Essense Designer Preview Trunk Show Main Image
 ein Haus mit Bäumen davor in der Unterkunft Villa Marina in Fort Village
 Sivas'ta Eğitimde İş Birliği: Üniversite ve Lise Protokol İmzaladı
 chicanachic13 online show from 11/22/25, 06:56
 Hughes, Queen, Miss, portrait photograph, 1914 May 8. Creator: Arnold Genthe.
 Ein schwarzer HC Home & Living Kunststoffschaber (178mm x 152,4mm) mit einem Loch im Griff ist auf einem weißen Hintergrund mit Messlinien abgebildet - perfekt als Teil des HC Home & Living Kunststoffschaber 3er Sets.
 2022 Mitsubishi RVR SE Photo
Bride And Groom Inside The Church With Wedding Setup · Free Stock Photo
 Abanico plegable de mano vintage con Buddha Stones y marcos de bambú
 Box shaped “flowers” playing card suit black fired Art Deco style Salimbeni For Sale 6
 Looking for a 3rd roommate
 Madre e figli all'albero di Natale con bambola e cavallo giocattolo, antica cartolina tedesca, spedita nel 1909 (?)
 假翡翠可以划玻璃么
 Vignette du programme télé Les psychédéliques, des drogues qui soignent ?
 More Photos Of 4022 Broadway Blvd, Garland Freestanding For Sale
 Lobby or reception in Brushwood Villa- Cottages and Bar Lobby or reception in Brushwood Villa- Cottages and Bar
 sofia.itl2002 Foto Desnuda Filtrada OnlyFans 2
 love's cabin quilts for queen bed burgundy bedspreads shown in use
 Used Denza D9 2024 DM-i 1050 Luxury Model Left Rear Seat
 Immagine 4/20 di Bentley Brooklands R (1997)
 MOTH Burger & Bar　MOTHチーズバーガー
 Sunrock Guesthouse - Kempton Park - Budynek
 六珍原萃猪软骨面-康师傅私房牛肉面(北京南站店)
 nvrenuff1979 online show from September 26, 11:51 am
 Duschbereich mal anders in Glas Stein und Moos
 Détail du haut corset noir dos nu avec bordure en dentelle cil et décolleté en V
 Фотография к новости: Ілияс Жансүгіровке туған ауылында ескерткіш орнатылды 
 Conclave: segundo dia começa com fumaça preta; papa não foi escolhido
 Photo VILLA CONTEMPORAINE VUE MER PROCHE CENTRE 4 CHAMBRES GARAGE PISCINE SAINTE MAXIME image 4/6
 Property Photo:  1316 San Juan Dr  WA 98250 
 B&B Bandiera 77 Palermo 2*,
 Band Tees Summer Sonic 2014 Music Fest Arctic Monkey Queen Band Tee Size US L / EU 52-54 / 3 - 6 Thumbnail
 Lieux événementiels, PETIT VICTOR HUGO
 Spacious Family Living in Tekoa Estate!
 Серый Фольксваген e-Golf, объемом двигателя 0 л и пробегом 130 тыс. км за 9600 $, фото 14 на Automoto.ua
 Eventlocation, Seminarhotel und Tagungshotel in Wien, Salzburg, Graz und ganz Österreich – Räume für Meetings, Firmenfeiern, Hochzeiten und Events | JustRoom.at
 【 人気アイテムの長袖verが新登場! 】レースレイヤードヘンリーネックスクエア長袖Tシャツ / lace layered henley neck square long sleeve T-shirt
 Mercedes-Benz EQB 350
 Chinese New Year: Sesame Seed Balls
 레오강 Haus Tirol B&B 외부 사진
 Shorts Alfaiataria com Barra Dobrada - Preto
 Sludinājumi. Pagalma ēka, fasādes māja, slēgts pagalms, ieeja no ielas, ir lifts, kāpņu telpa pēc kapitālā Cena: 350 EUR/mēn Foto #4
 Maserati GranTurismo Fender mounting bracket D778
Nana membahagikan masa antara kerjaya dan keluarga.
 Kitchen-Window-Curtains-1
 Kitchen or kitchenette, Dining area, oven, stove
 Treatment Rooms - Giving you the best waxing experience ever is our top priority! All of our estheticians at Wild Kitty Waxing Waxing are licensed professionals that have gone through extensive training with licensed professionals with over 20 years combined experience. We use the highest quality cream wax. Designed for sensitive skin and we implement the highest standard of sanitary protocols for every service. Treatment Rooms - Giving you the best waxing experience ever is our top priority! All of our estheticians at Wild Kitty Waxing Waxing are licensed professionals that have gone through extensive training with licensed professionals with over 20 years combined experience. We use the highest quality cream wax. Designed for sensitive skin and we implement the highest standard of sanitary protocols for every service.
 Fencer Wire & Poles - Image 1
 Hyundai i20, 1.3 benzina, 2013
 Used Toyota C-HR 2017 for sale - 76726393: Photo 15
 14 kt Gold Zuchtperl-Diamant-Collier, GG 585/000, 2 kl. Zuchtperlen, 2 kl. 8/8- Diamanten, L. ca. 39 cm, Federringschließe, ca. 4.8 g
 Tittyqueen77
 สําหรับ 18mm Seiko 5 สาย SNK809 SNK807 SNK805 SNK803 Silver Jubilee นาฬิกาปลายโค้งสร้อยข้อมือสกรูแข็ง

◆ ◆ ◆ ◆ ◆ ◆ ◆

Answer with an exact copy of the lines from the one containing "Nana membahagikan masa" through the end of the entries above, leaving out everything before.

Nana membahagikan masa antara kerjaya dan keluarga.
 Kitchen-Window-Curtains-1
 Kitchen or kitchenette, Dining area, oven, stove
 Treatment Rooms - Giving you the best waxing experience ever is our top priority! All of our estheticians at Wild Kitty Waxing Waxing are licensed professionals that have gone through extensive training with licensed professionals with over 20 years combined experience. We use the highest quality cream wax. Designed for sensitive skin and we implement the highest standard of sanitary protocols for every service. Treatment Rooms - Giving you the best waxing experience ever is our top priority! All of our estheticians at Wild Kitty Waxing Waxing are licensed professionals that have gone through extensive training with licensed professionals with over 20 years combined experience. We use the highest quality cream wax. Designed for sensitive skin and we implement the highest standard of sanitary protocols for every service.
 Fencer Wire & Poles - Image 1
 Hyundai i20, 1.3 benzina, 2013
 Used Toyota C-HR 2017 for sale - 76726393: Photo 15
 14 kt Gold Zuchtperl-Diamant-Collier, GG 585/000, 2 kl. Zuchtperlen, 2 kl. 8/8- Diamanten, L. ca. 39 cm, Federringschließe, ca. 4.8 g
 Tittyqueen77
 สําหรับ 18mm Seiko 5 สาย SNK809 SNK807 SNK805 SNK803 Silver Jubilee นาฬิกาปลายโค้งสร้อยข้อมือสกรูแข็ง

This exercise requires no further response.